I'd been thinking about doing a "See, I told you so" column about Obama; then, especially given the torrent of vituperation and self-righteous contumely I got after arguing that he's not what far too many nominal leftists were trying to make him out to be, I was tempted instead to do a "To hell with you, you deserve what you get" column. But the smug yuppies to whom I'd address that message -- the fan club we encounter in foundation offices, faculty meetings, soccer games and dinner parties and on MSNBC and in the Nation -- are neither the only people who've listened to Obama's siren song nor the ones who'll pay the price for their self-indulgent idiocy. (And Liza Featherstone deserves acknowledgement for having predicted early that the modal lament of the disillusioned would compare him unfavorably to Feingold.) Among other things, as I saw ever more clearly while watching Rachel Maddow talk with another of that Dem ilk about Obama and his family -- how adorable and "well-raised" or some such his kids are, etc, etc -- a few nights ago on Keith Olberman's show, an Obama presidency (maybe even just his candidacy) will likely sever the last threads of any connection between notions of racial disparity and structurally reproduced inequality rooted in political economy, and, since even "left" discourse in this country seems capable of conceptualizing the latter as a politically significant matter only in terms of the former (or its gender or similar categorical equivalent), that could just about complete purging entirely out of legitimate political discourse the notion that economic inequality is rooted fundamentally in capitalism's political and economic dynamics.
Underclass ideology -- where left and right come together to embed a common sense around victim-blaming and punitive moralism, racialized of course but at a respectable remove from the familiar phenotypically based racial taxonomy -- will most likely be the vehicle for effecting the purge.
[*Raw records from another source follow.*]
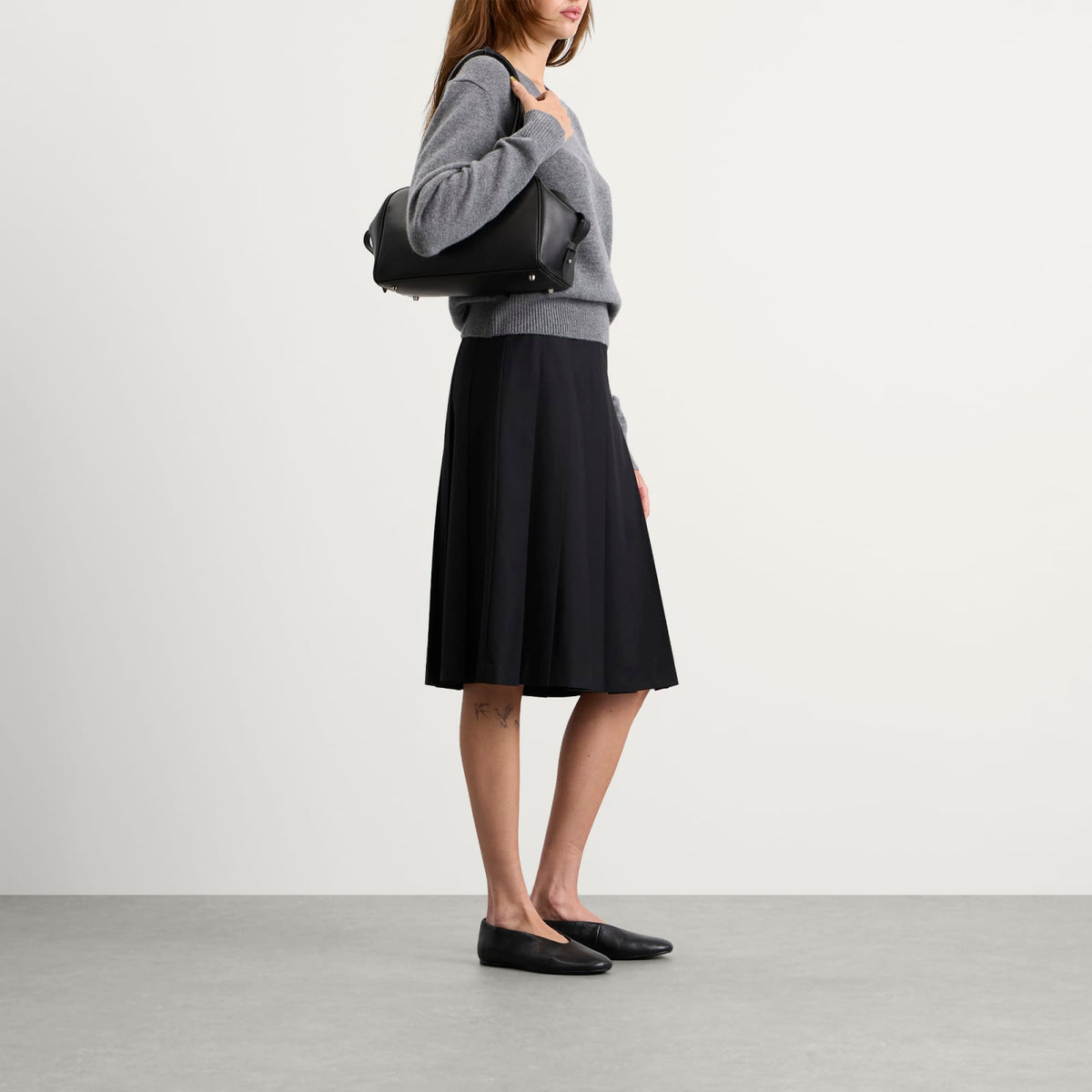 Dunst Cashmere V-Neck Sweater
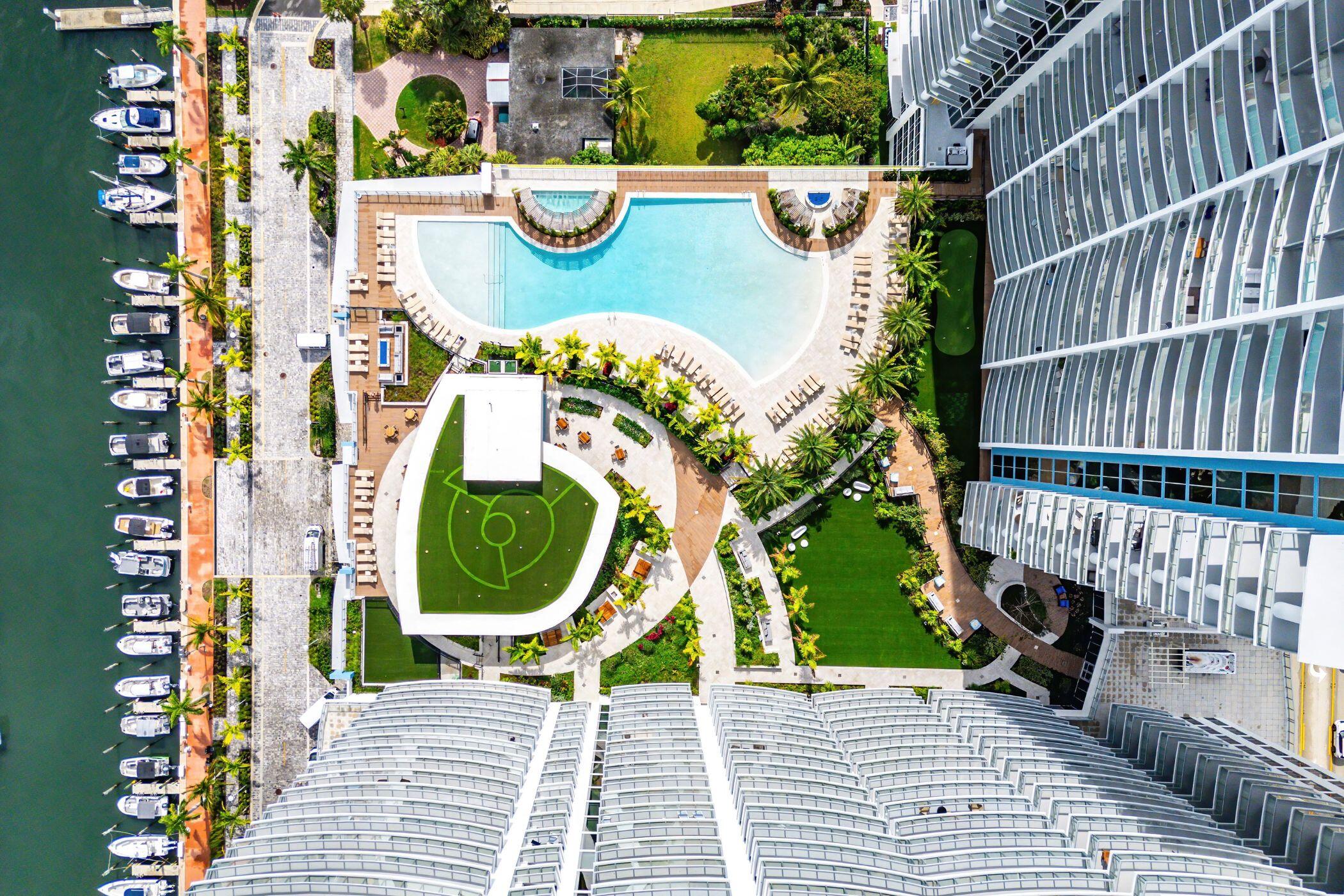 220 Lake Shore #1006, Lake Park FL 33403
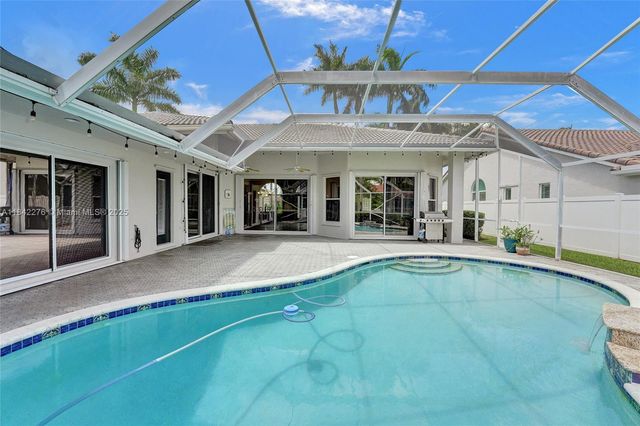 10828 NW 5th St, Plantation, FL 33324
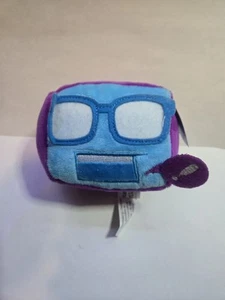 Fun2Play Toys Nerd Block Logo Würfel Plüschtier (magenta) - NEU - Bild 1 von 6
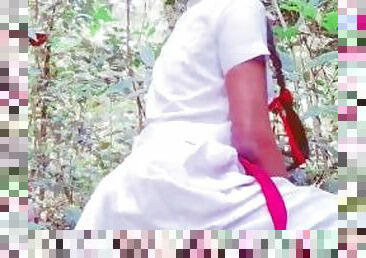 ???? ???? ???? Sri Lankan 18+ schoolgirl outdoor masturbate and pissing clear sinhala voice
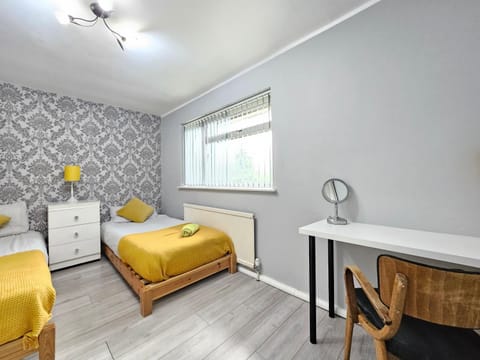 Bed, Photo of the whole room, Bedroom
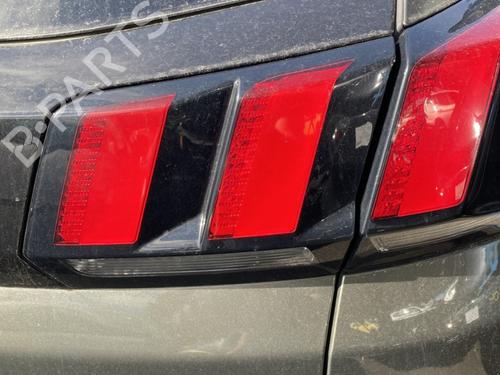 Used Right tailgate light PEUGEOT 3008 II SUV (MC_, MR_, MJ_, M4_) 1.6 BlueHDi 120 (120 hp) 29009840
Obama's success will embody how far we have come in realizing racial democracy, and the inequality that remains is most immediately a function of cultural -- i.e., attitudinal, and behavioral -- and moral deficits that undercut acquisition of "human (and/or "social," these interchangeable mystifications shift according to rhetorical need) capital," a message his incessant castigation of black behavior legitimizes. In this context, the "activism" appropriate for attacking inequality: 1) rationalizes privatization and demonization of the public sector through accepting the premise that government is inefficient and stifles "creativity;" 2) values individual voluntarism and "entrepreneurship" over collective action (e.g., four of the five winners of the Nation's "Brave Young Activist" award started their own designer NGOs and/or websites; the fifth carries a bullhorn around and organizes solidarity demos); 3) provides enrichment experiences, useful extracurrics, and/or career paths for precocious Swarthmore and Brown students and grads (the Wendy Kopp/Samantha Power model trajectory), and 4) reduces the scope of direct action politics to the "all tactics, no strategy," fundamentally Alinskyite, ACORN-style politics that Doug Henwood and Liza Featherstone have described as "activistism" and whose potential for reactionary opportunism Andy Stern of SEIU has amply demonstrated. Obama goes a step further in deviating from Alinskyism to the right, by rejecting its "confrontationalism," which severs its rhetoric of "empowerment" from political action and contestation entirely and merges the notion into the pop-psychological, big box Protestant, Oprah Winfrey, Reaganite discourse of self-improvement/personal responsibility.